There is a tendency in the popular imagination, especially in the context of digital media, to identify new technological developments as radically transformative, democratizing, and liberating. No technology has been as widely celebrated for its decentralized structure, flexibility, and inherent immateriality, as the Internet and, by extension, the digital code that underpins its function; these alleged attributes of digital technology (immaterial, virtual, decentralized) have spread to popular imaginings of other phenomena as well, most significantly the human body itself. The course aims to temper this enthusiasm for the virtual by recovering the physical materiality of the human body.
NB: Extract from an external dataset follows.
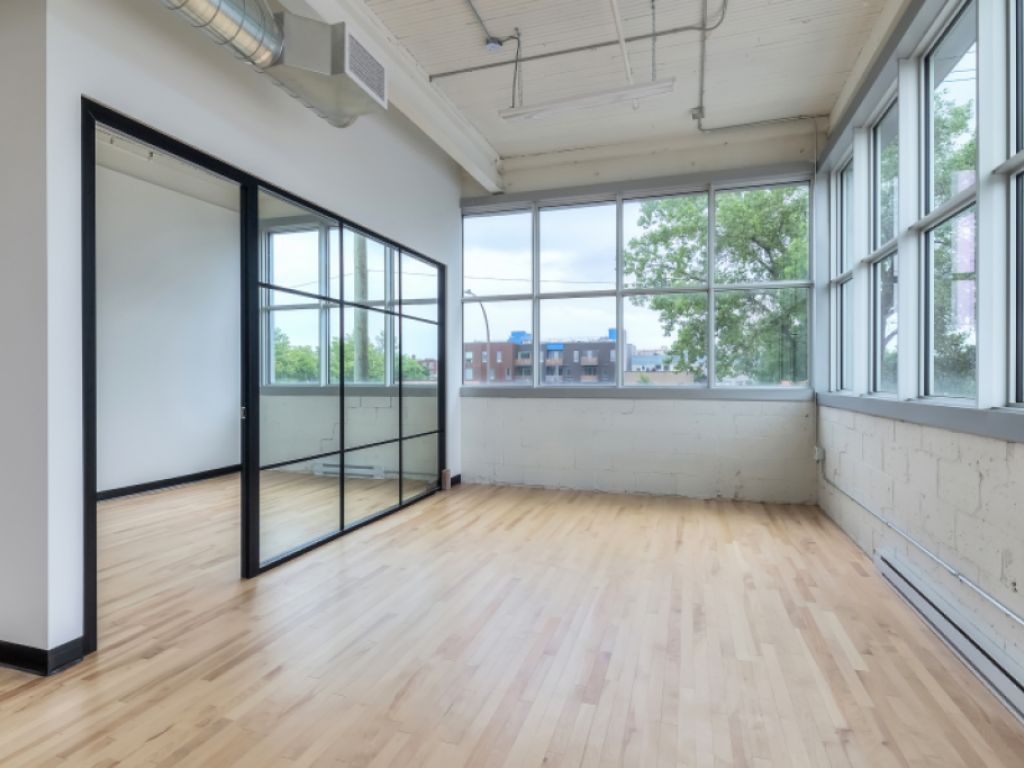 CLE EN MAIN Espaces bureaux commerciaux renov�s � louer-HOMA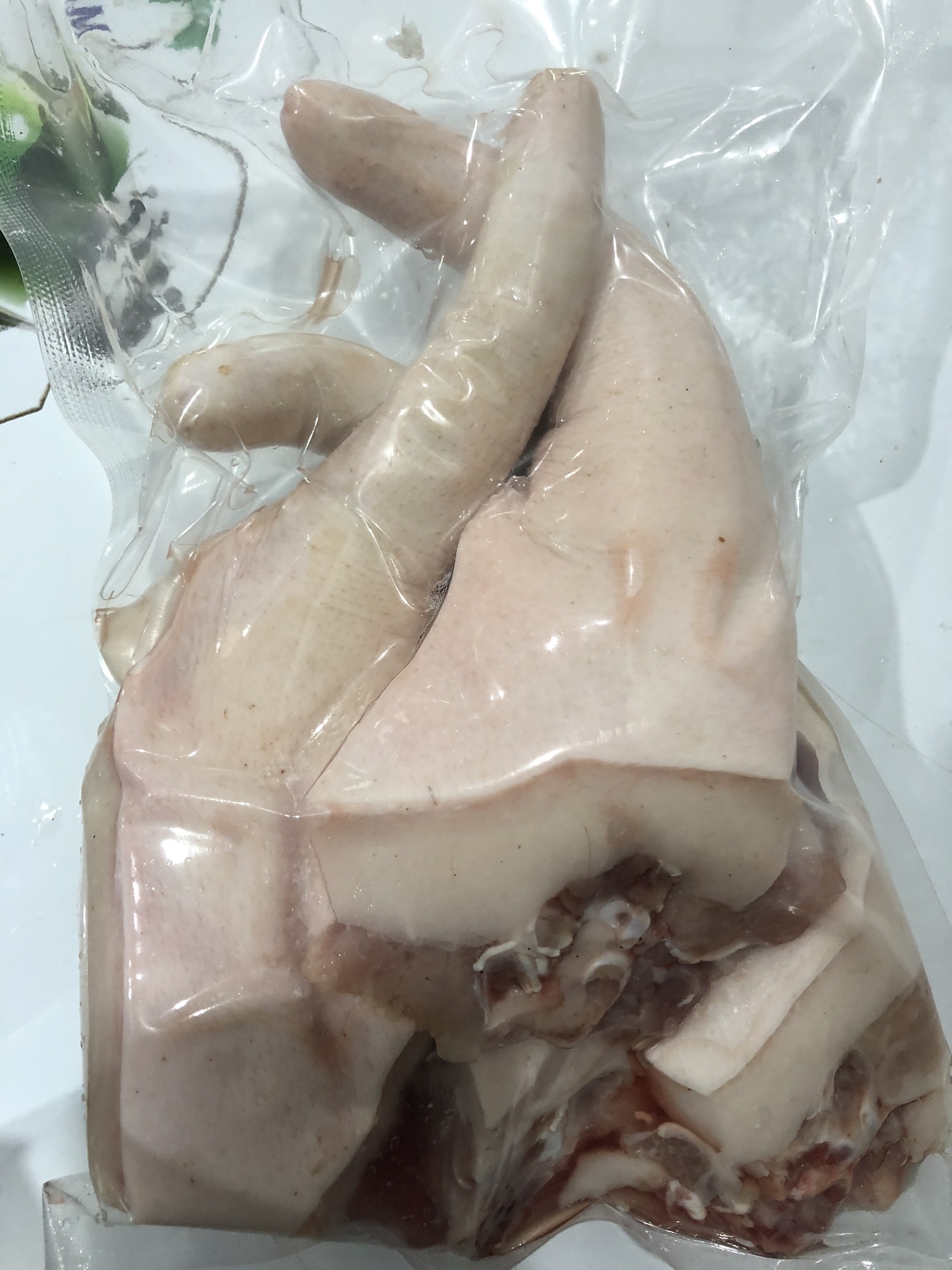 đuôi lợn tươi sạch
The course begins with a brief contextual history of the celebratory techno-philia of the 1990’s, paired with Walter Benjamin’s notion of the “aura,” and proceeds to examine a set of texts that engage implicitly or explicitly with the figure of the human body as it is coded, re-coded, (de)materialized, and manipulated. The class will examine speculative novels and films to identify and interrogate the anxieties and contradictions permeating the fantasy of the totally virtual or encoded body, in light of recent advancements in DNA coding, systems biology, networked and programmable media, and nanotechnology.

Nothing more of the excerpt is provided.